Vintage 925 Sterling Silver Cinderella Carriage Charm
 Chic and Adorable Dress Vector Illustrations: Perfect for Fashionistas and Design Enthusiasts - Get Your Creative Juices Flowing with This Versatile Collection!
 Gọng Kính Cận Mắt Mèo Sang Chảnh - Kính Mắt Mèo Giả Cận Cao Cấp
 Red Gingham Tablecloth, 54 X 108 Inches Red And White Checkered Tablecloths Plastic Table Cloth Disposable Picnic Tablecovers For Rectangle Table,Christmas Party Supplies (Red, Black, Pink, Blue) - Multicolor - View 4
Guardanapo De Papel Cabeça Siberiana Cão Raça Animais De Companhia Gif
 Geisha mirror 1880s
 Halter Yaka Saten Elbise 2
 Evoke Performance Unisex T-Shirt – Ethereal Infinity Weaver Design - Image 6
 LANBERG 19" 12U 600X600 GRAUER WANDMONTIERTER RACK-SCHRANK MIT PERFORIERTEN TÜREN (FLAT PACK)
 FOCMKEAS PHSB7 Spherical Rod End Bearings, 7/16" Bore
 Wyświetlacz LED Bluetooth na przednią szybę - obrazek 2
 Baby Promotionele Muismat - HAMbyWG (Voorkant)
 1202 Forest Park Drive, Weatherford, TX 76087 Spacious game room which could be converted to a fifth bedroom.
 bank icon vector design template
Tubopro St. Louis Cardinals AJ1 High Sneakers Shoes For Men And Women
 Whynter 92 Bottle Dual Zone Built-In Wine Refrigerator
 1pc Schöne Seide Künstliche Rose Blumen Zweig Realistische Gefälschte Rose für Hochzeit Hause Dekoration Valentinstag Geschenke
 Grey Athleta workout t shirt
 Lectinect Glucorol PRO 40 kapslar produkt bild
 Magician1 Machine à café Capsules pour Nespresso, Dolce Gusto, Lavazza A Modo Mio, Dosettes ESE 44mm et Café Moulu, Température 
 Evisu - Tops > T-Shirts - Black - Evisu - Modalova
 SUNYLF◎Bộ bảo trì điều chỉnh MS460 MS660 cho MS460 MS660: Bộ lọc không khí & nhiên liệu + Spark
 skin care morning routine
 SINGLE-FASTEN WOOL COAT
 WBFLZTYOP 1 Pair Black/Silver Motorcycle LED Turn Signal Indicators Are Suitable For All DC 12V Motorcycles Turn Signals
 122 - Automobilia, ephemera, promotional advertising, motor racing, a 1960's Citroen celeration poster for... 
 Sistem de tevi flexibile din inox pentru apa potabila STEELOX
□ □ □ □ □
■ Activity
Start with the first line of the data and print every line exactly. The line containing "Halter Yaka Saten Elbise 2" is the last one to include.

■ Answer for this exercise
Vintage 925 Sterling Silver Cinderella Carriage Charm
 Chic and Adorable Dress Vector Illustrations: Perfect for Fashionistas and Design Enthusiasts - Get Your Creative Juices Flowing with This Versatile Collection!
 Gọng Kính Cận Mắt Mèo Sang Chảnh - Kính Mắt Mèo Giả Cận Cao Cấp
 Red Gingham Tablecloth, 54 X 108 Inches Red And White Checkered Tablecloths Plastic Table Cloth Disposable Picnic Tablecovers For Rectangle Table,Christmas Party Supplies (Red, Black, Pink, Blue) - Multicolor - View 4
Guardanapo De Papel Cabeça Siberiana Cão Raça Animais De Companhia Gif
 Geisha mirror 1880s
 Halter Yaka Saten Elbise 2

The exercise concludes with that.